Pasar penumpang pesawat domestik Indonesia mengalami penurunan signifikan sejak 2018, dari 102 juta menjadi sekitar 70 juta penumpang per tahun. Pengamat aviasi Alvin Lie mengidentifikasi beberapa faktor utama di balik tren menurun ini. Selain kondisi ekonomi domestik yang lesu dan kenaikan harga tiket, kurangnya persaingan di pasar domestik juga menjadi kontributor penting.
Alvin Lie menyoroti bahwa beberapa maskapai, seperti Mandala Airlines dan Sky Aviation, terpaksa keluar dari pasar akibat dinamika kompetisi dan tantangan modal. Lebih lanjut, kebijakan pemerintah pada periode 2015-2016 semakin memperberat kondisi industri. Salah satu kebijakan yang paling berdampak adalah pembatasan usia impor pesawat maksimal 15 tahun. Kebijakan ini menciptakan hambatan masuk (barrier to entry) yang tinggi bagi maskapai baru.

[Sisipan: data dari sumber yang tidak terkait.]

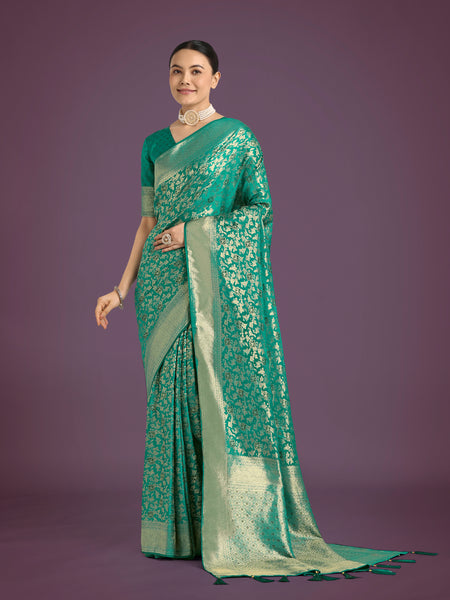 Monjolika Fashion Scintilla Turquoise Banarasi Satin Silk Meenakari zari weaving Pattern Saree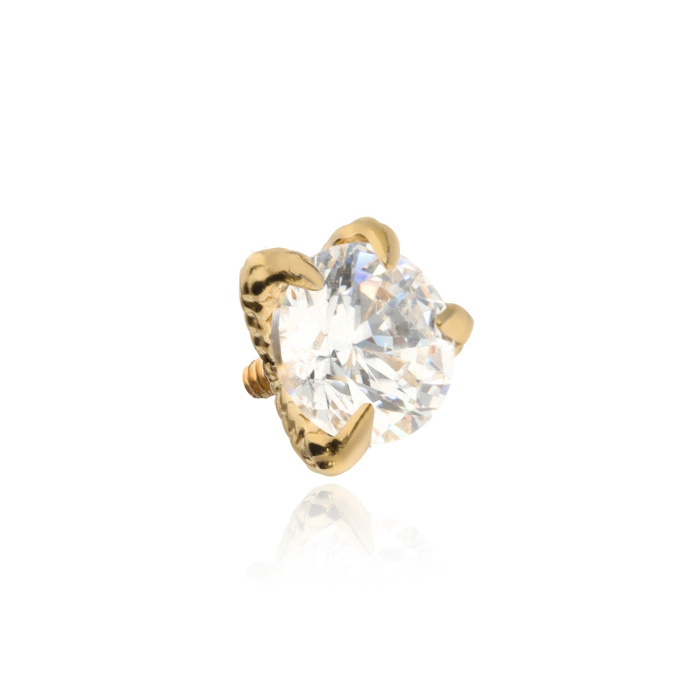 Titanium attachment white zirconia in the claws of a dragon - gold - TNA-097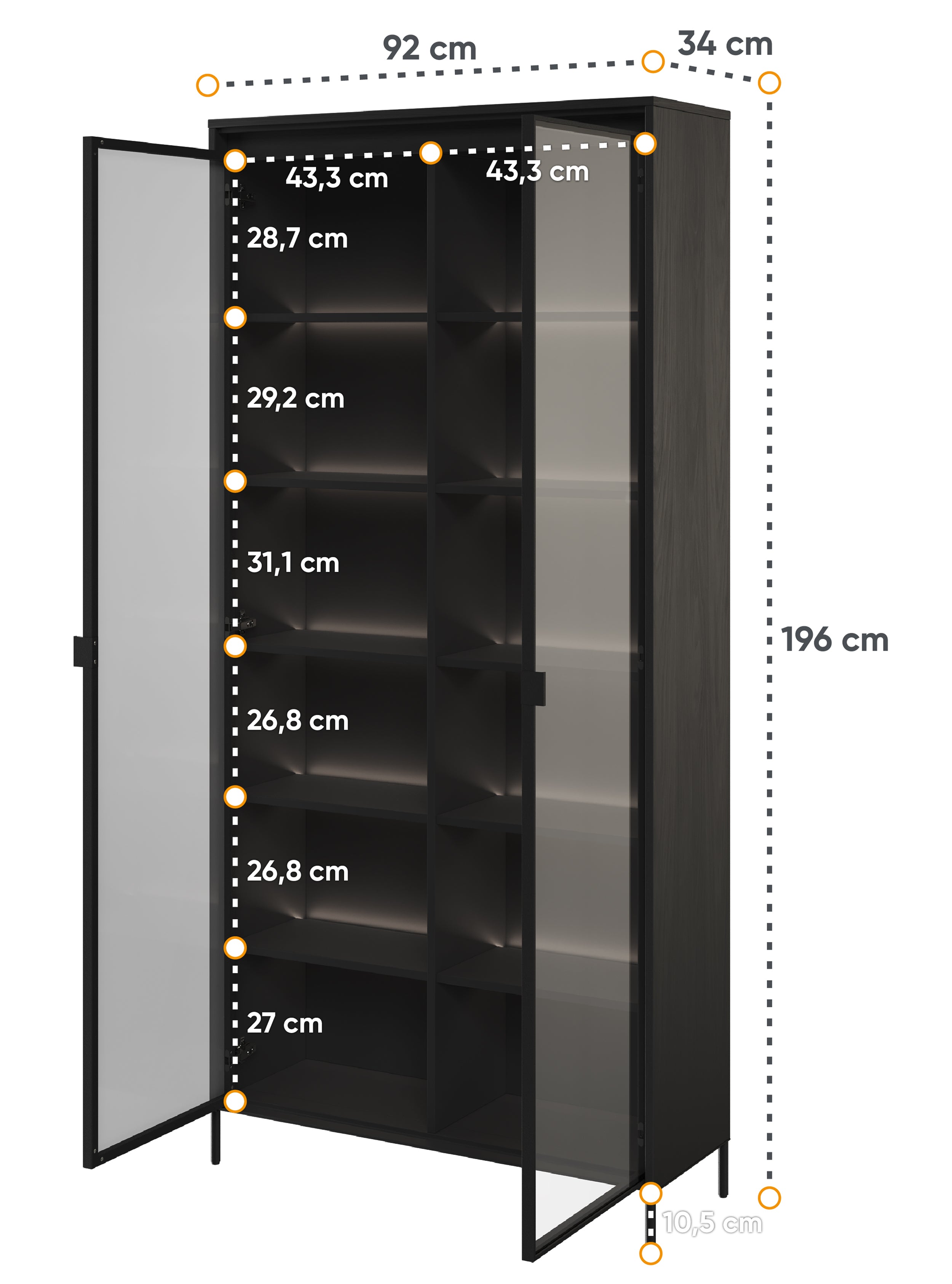Witryna dwudrzwiowa Trend 92 cm z LED Czarna
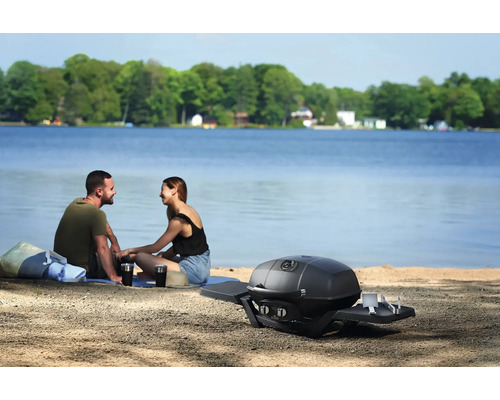 Scen med en bärbar grill vid sjön, inklusive en picknickfilt, drycker och ett par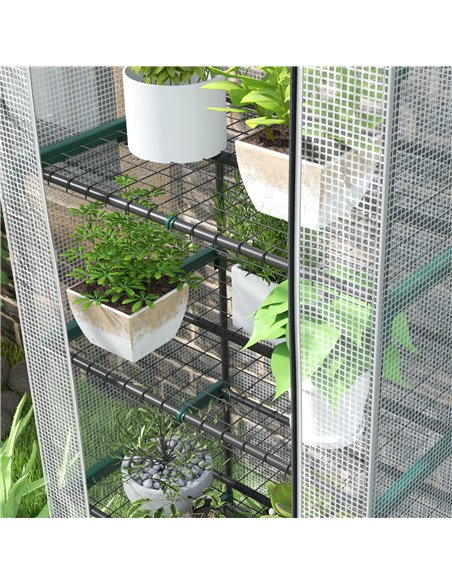 Outsunny 193cm Five Shelf Mini Greenhouse - White - pic 119981 | FastDaddyshop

Mereka terpaksa menyewa armada dengan biaya yang jauh lebih mahal, meningkatkan beban operasional secara signifikan.
Meskipun pemerintah pada Mei 2020, melalui Keputusan Menteri No 115 Tahun 2020, menaikkan batas usia pesawat menjadi 20 tahun, Alvin Lie berpendapat bahwa ini masih belum cukup. Dari perspektif industri aviasi, batas usia yang masih relatif ketat ini sangat membatasi jenis pesawat yang dapat diimpor oleh maskapai Indonesia ke dalam negeri. Hal ini tentu saja berdampak pada ketersediaan armada dan pilihan bagi konsumen.

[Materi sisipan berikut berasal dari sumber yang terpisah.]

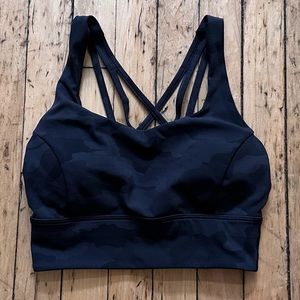 Lululemon Free To Be Serene Bra Long Line in Heritage 365 Camo Deep Coal size 4
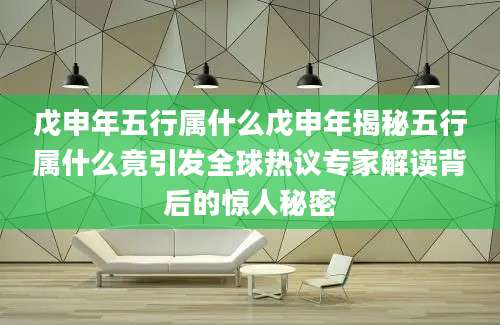 戊申年五行属什么戊申年揭秘五行属什么竟引发全球热议专家解读背后的惊人秘密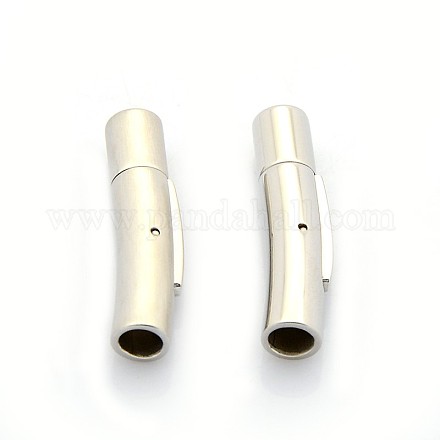 Styles mélangés vitreux ou colonne mat 304 acier inoxydable fermoirs de collier à baïonnette STAS-I013-4mm-B-1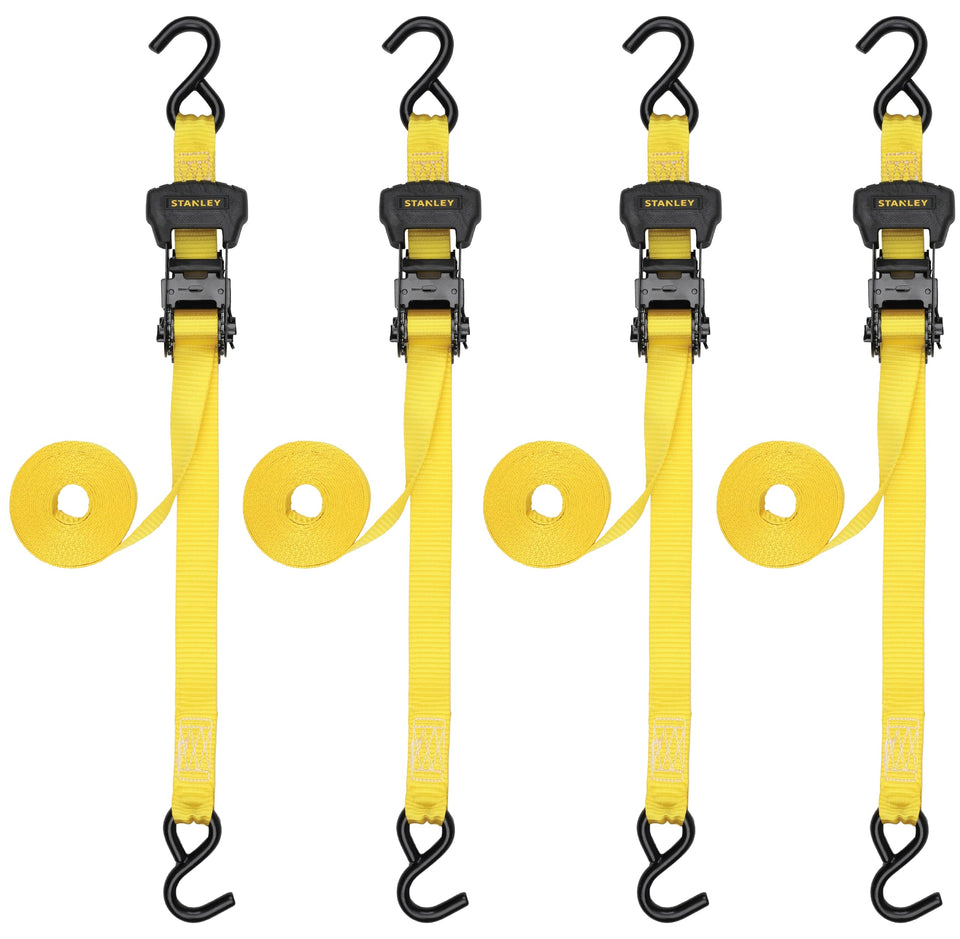 STANLEY S10204 ratchet straps in package enable fast, secure cargo binding.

Terkait persepsi masyarakat mengenai keselamatan penerbangan, Alvin Lie menekankan bahwa usia pesawat seringkali menjadi tolak ukur utama. Namun, ia menegaskan bahwa dalam industri aviasi, usia kalender pesawat bukanlah faktor tunggal yang menentukan keandalan maupun tingkat keselamatannya. Faktor yang jauh lebih krusial adalah kelaikudaraan (airworthiness). Kelaikudaraan memastikan bahwa pesawat dalam kondisi aman untuk dioperasikan melalui standar perawatan yang ketat dan berkelanjutan.
Alvin Lie menjelaskan bahwa pesawat tidak dapat disamakan dengan kendaraan darat dalam hal usia operasional. Pesawat yang secara usia tergolong tua, baik berusia 10, 20, maupun 30 tahun, tetap dapat beroperasi dengan aman asalkan memenuhi prinsip-prinsip keselamatan penerbangan yang ketat. "Pesawat dengan kendaraan lainnya tidak bisa disamakan. Pesawat yang dalam tanda kutip tua, baik usia 10, 20 ataupun 30 tahun, tetap bisa terjaga dengan tiga prinsip utama," ujar Alvin.

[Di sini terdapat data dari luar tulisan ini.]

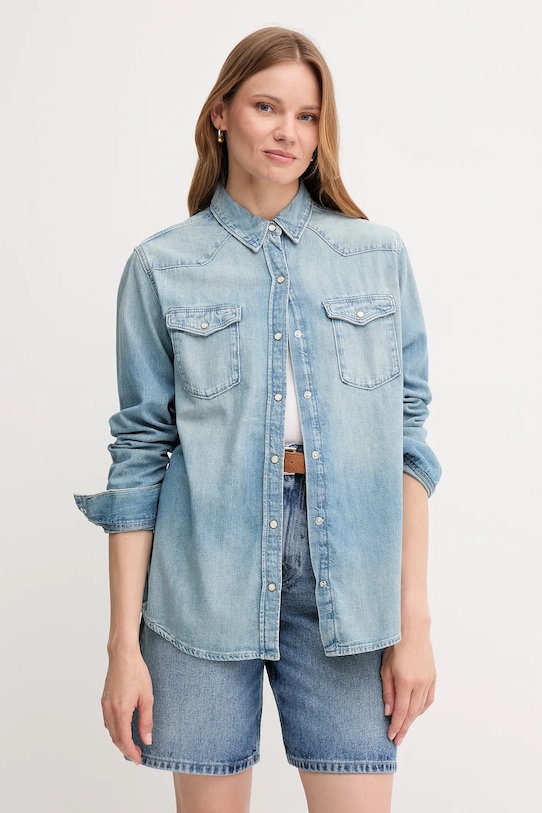 Джинсова сорочка Tommy Hilfiger casual блакитний WW0WW46486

Tiga prinsip utama yang dimaksud meliputi perawatan berjenjang, penerapan konsep safe life dan fail safe, serta prinsip dasar kelaikudaraan. Perawatan berjenjang ini dilakukan melalui inspeksi rutin dan ketat, yang meliputi berbagai tingkatan mulai dari A-Check hingga D-Check. Setiap tahapan inspeksi ini dirancang untuk memastikan bahwa setiap komponen pesawat berfungsi dengan optimal dan aman, terlepas dari usia kalendernya. Dengan penerapan prinsip-prinsip ini secara konsisten, usia pesawat menjadi faktor sekunder dibandingkan dengan kondisi perawatan dan kelaikudaraan yang terjamin.